Après deux semaines d’atermoiements, de rumeurs et de refus, le remaniement gouvernemental a été communiqué en catimini. Avec bien sûr l’arrivée de Christophe Castaner à l’Intérieur. Mais le soir même, Emmanuel Macron n’a pas réussi à positiver sur cette nouvelle équipe, qui, d’emblée, manque de souffle.
21/10/2018 - 06:58 Temps Lecture 17 mn.

C’était un mini-retour à la quatrième république. Le seul départ de Gérard Collomb du Ministère de l’Intérieur, dans des conditions rocambolesques, a donné lieu à un remaniement qui aurait pu être annoncé au bout de 48 heures. Mais il aura finalement fallu deux semaines exactement pour que la liste des heureux élus soit rendue publique. Benoît Ribadeau-Dumas, le directeur de cabinet d’Edouard Philippe et ce dernier ont pourtant fait au mieux pour composer une nouvelle équipe sans maillon faible comme Stéphane Travert, Françoise Nyssen ou Jacques Mézard. Comme nous l’évoquions la semaine passée, c’est finalement François Bayrou qui a eu le dernier mot. Ce qui témoigne de la faiblesse dans laquelle se trouve le Chef de l’État.

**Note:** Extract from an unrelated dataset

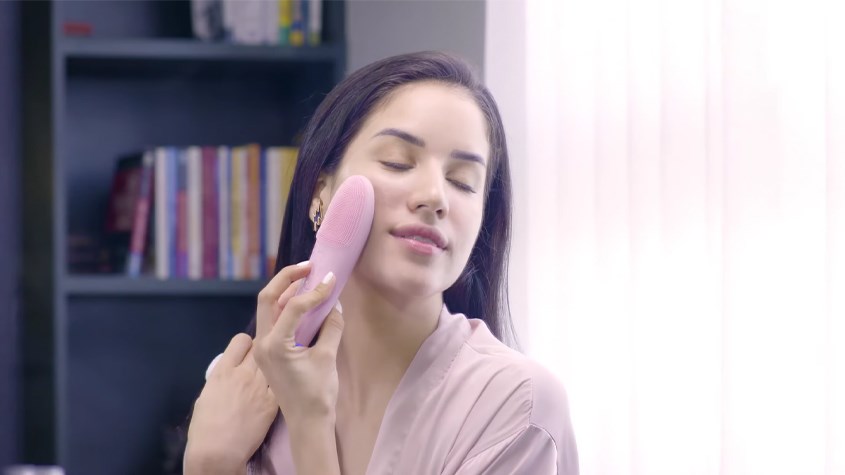 Tính năng đẩy dưỡng chất của máy rửa mặt Dr.Glatt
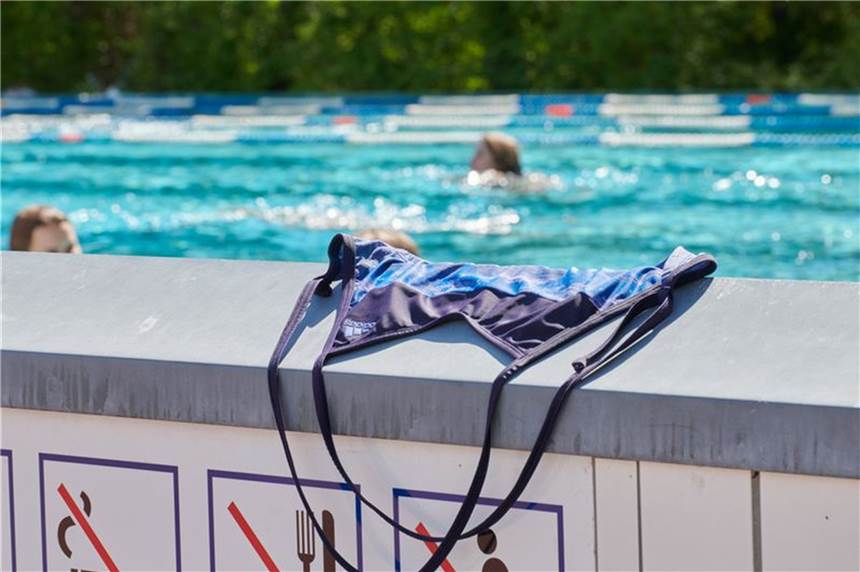 Göttingen erlaubt in Schwimmbädern „oben ohne“ für alle In Göttinger Schwimmbädern dürfen ab Mai alle „oben ohne“ baden.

La marque du patron du Modem se retrouve à trois niveaux dans ce remaniement. D’abord, la place importante donnée à Jacqueline Gourault sur la question des territoires, point faible d’Emmanuel Macron depuis un an et demi. Celle-ci est avec Marielle de Sarnez l’une des plus proches de François Bayrou. Il n’y a pas de journée où ils ne se parlent pas. Ensuite la nomination du jeune Marc Fesneau pour les relations avec le parlement. C’est donc lui qui va jouer le rôle de "whip" de la majorité présidentielle. Une revanche sur l’élection bien contestable de Richard Ferrand au "perchoir" et celle du bien fade Gilles Le Gendre comme patron du groupe La République en Marche.

Le coup de pied de l’âne de Bayrou

La dernière manœuvre de François Bayrou a consisté à tirer un trait sur le nom de Frédéric Péchenard qui figurait pourtant bien comme ministre délégué à la sécurité, après un partage des tâches avec Christophe Castaner organisé dans le bureau de Benoît Ribadeau-Dumas. L’ancien directeur de la Police Nationale a pourtant de très bonnes relations avec Emmanuel Macron. Nicolas Sarkozy lui avait donné sa bénédiction pour prendre ce poste. Mais le patron du Modem a expliqué au Chef de l’État qu’il serait l’œil de la Rue de Miromesnil au gouvernement. Alors que ce n’est qu’un coup de pied de l’âne du Maire de Pau à l’égard de son ennemi personnel : Nicolas Sarkozy.

Qu’Emmanuel Macron ait donné raison à François Bayrou sur ces trois sujets, après une discussion qui s’était très mal passée le mardi précédent entre les deux alliés, témoigne de l’état de faiblesse politique du Chef de l’État auquel le simple Président du Modem peut fixer ses conditions. Sous peine de casser l’alliance politique qui lui assure une large majorité parlementaire. Cette faiblesse se retrouvait d’ailleurs dans l’allocution présidentielle de mardi dernier. Il y avait bien sûr les questions de forme (lumière ratée, absence de prompteur, discours raturé…). Mais sur le fond, tout montrait un Emmanuel Macron à la fois affaibli, mais incapable de tirer les leçons des raisons qui l’ont amenées à être dans cet état là après dix-sept mois de mandat. Les Français ont à peine entendu son mot d’excuses sur son arrogance et ses petites phrases venimeuses. Quant au reste le mot d’ordre était : pas de changement de cap ni de ralentissement. Alors que c’est justement cela la question posée aujourd’hui par son impopularité.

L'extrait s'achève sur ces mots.